Giselle | Teen Ink

Giselle

November 8, 2018
By selenaxpastor BRONZE, New Windsor, New York
selenaxpastor BRONZE, New Windsor, New York
1 article 0 photos 0 comments

If there was such a thing as magic or time travel or special powers, I would have used them all by now. If there is one thing in this world I could change, it would be for my sister Giselle to be alive.

Every year, the world stands still on February 13th. As my family and I gather, I take my place in the back seat, and we make a winding winter’s ride to the cemetery. I don’t say a word, as a matter of fact no one speaks, even the passing evergreens seem to droop with grief, and most times the radio clicks on just to drown out the silence. We usually have to shovel a path through the knee-deep snow to reach Giselle’s plot in a maddening sea of tiny grave markers. Placing flowers on her stone, we stand in silence, each taking a turn to kiss the cold granite and whisper, “Happy Birthday Giselle, I love you.”  My little sister’s death has not only shaped who I am but it’s put me on a course of who I am determined to become.

After Giselle passed, doctors performed genetic tests to investigate the cause of our tragic loss, only to discover that my mother had thrombophilia, which is an abnormality of blood coagulation increasing the risk of blood clots during pregnancy. If this disorder was discovered earlier on, my mother and my sister would have been taken care of ensuring a healthy pregnancy.

Knowing Giselle’s death could have been prevented with proper medical attention is gut-wrenchingly painful but it has also fueled my passion to use medicine in helping others. I refuse to let my little sister’s death be in vain. I refuse to sit back in my own pity watching other families taste the bitterness of our suffering. Our personal tragedy has inspired me to help others, protect others, and try to make a difference in my community. It is because of Giselle that I have put all my energy into pursuing a profession in the medical field.
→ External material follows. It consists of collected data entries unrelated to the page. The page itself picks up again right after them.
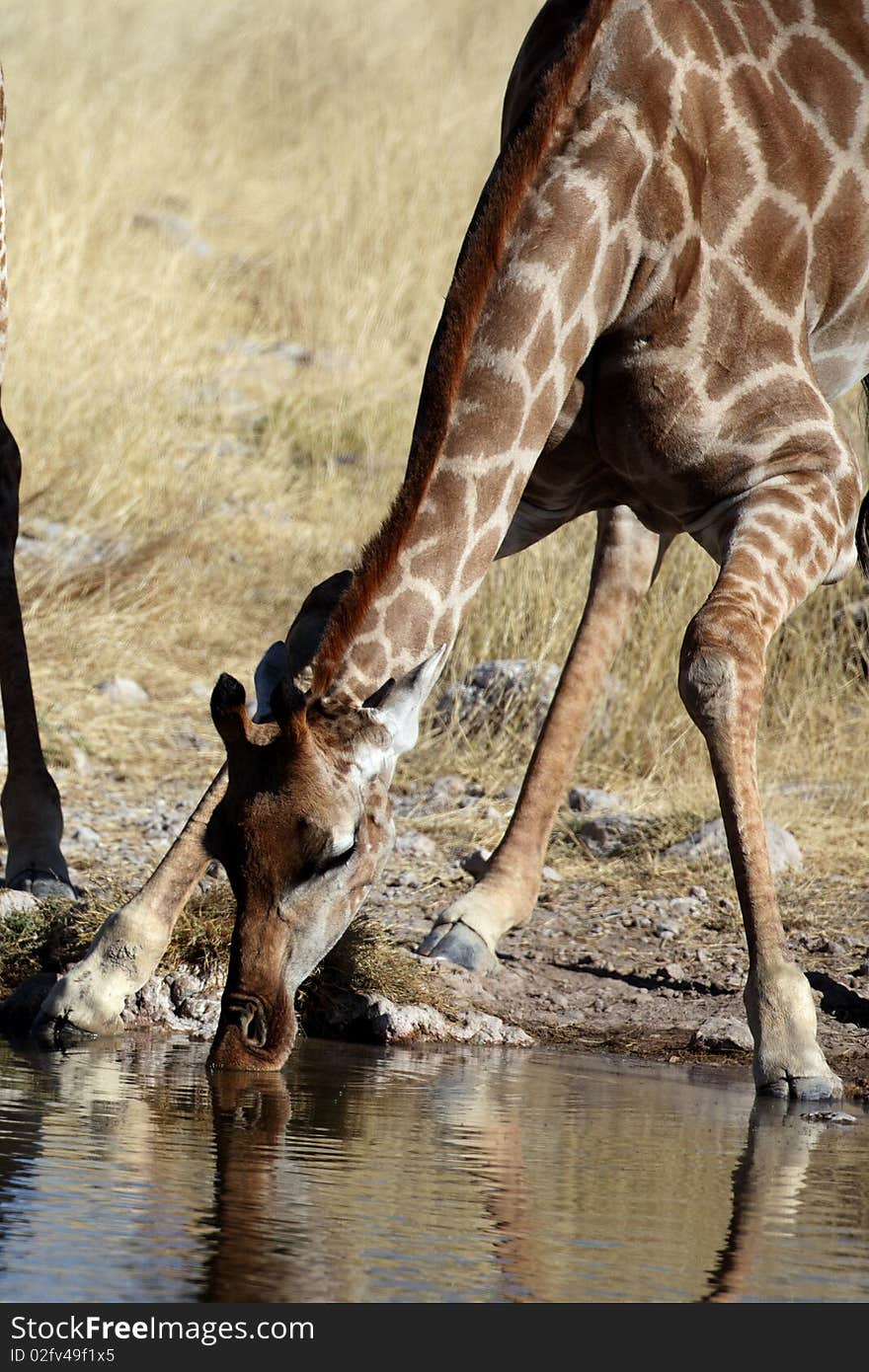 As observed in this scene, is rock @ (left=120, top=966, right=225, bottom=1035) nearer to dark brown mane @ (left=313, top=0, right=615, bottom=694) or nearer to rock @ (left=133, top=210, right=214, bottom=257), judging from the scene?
dark brown mane @ (left=313, top=0, right=615, bottom=694)

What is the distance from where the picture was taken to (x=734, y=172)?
5.00 meters

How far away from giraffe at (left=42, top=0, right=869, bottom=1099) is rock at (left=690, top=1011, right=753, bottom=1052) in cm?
46

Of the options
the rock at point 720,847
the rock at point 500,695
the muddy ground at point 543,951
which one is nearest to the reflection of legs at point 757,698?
the muddy ground at point 543,951

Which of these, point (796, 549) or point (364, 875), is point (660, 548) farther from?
point (364, 875)

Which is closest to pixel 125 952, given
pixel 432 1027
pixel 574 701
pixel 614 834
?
pixel 432 1027

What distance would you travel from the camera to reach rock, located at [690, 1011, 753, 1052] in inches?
198

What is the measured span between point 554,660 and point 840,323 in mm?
2815

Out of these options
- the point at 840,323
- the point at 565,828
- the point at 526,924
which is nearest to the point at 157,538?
the point at 565,828

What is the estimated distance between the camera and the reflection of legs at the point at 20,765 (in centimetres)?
573

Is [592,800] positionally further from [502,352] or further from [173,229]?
[173,229]

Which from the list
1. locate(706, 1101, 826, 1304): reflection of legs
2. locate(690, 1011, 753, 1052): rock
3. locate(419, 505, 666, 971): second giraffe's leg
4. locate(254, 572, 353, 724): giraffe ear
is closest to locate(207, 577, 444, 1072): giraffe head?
locate(254, 572, 353, 724): giraffe ear

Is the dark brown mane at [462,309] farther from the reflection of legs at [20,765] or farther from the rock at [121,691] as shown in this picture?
the rock at [121,691]

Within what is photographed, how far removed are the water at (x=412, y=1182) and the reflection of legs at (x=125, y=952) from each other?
11 centimetres

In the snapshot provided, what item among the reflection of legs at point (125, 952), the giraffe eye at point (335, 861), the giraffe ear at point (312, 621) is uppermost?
the giraffe ear at point (312, 621)
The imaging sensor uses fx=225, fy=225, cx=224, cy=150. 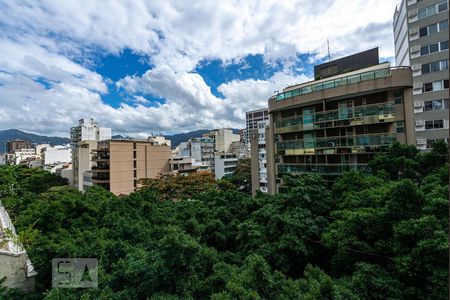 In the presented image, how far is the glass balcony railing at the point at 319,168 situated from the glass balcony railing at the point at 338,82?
570cm

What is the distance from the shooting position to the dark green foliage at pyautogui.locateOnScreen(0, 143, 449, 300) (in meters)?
5.41

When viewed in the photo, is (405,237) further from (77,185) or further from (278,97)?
(77,185)

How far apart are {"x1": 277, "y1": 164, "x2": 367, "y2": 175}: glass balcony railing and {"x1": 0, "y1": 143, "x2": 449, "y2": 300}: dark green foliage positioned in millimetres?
2959

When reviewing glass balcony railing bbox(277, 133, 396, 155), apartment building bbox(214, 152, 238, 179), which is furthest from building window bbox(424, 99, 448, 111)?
apartment building bbox(214, 152, 238, 179)

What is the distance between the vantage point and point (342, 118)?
52.1 feet

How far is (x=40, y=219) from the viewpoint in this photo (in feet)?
37.6

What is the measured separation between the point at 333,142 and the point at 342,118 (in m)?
1.78

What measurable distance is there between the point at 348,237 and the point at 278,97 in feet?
48.1

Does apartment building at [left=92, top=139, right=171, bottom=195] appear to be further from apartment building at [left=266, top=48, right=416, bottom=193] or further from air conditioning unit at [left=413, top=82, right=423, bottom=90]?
air conditioning unit at [left=413, top=82, right=423, bottom=90]

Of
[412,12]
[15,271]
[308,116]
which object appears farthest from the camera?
[412,12]

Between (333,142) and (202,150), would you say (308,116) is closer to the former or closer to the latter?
(333,142)

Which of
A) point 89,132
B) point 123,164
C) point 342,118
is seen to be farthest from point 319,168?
point 89,132

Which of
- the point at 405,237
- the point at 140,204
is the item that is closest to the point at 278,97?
the point at 140,204

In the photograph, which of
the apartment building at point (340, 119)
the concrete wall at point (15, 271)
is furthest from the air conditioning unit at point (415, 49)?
the concrete wall at point (15, 271)
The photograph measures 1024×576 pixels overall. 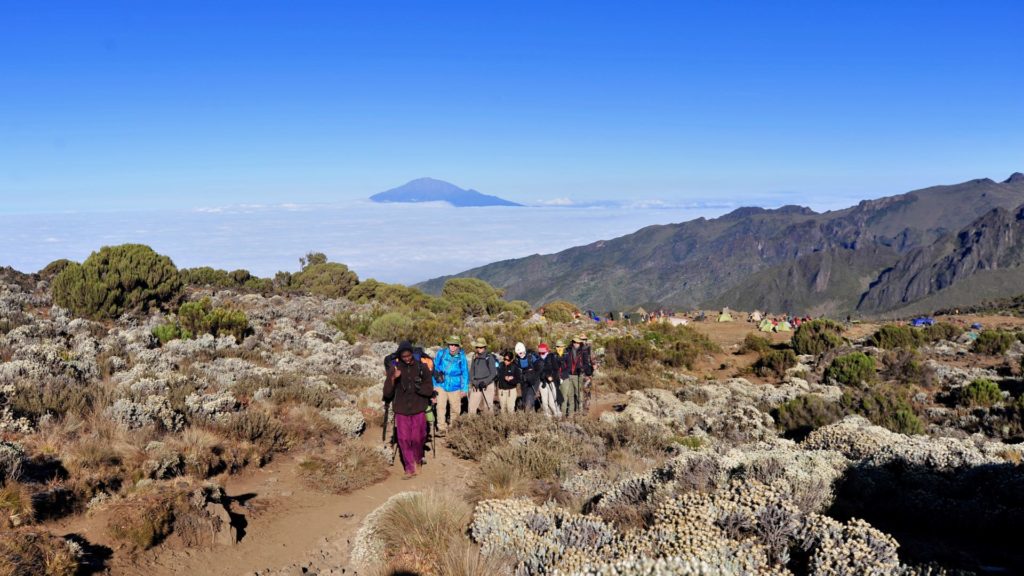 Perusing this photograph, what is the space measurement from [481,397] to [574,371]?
2036 millimetres

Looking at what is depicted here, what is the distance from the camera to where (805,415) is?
11773mm

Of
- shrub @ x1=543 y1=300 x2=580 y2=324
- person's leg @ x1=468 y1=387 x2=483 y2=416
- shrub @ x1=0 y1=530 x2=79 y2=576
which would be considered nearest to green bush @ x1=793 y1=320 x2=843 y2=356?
shrub @ x1=543 y1=300 x2=580 y2=324

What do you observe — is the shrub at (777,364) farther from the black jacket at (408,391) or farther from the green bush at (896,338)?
the black jacket at (408,391)

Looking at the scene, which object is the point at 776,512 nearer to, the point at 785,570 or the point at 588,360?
the point at 785,570

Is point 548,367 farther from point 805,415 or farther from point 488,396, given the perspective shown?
point 805,415

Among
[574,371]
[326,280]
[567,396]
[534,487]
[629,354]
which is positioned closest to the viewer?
[534,487]

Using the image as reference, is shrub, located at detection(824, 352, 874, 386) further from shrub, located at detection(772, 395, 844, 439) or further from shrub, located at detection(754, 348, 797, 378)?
shrub, located at detection(772, 395, 844, 439)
On one Tuesday night, as I sat in the red seats of the large lecture hall of Touro Medical College, attending my weekly high school medical seminar, my mentor whispered to me, “Remember the world owes you nothing, if you want something, you need to work hard for it… If you wait for it to be handed to you, you will have a very long journey ahead of you”. These words seemed to echo off the dark walls of the auditorium and replayed in my head like a broken record. Immediately, I had some sort of recollection of the moment my family and I had found out that if we had been informed about my mother’s conditions earlier, my sister could have been alive at this very moment.

As an attempt for my young mind to dedicate my passion towards the medical field for Giselle, I started my own tradition a few years ago. Yearly, when the calendar hits February 13th, I sit by Giselle’s grave in the bitter cold and tell my little sister I love her and that I promise to put all my energy into helping individuals who need medical assistance. I can’t pinpoint when this tradition started, yet it has been our special moment ever since I can remember. After years of heartache and realizing that there is no magic solution or time travel, I have come to understand that there are special powers revealed when one is able to take a tragedy or hardship and use it as a fuel to their motivation. It has taken me time but the passing of my sister has put into perspective that each and every situation that one goes through in life has varying results, mine has only strengthened my desire to enter into the medical field; I am determined to keep my promise to my sister.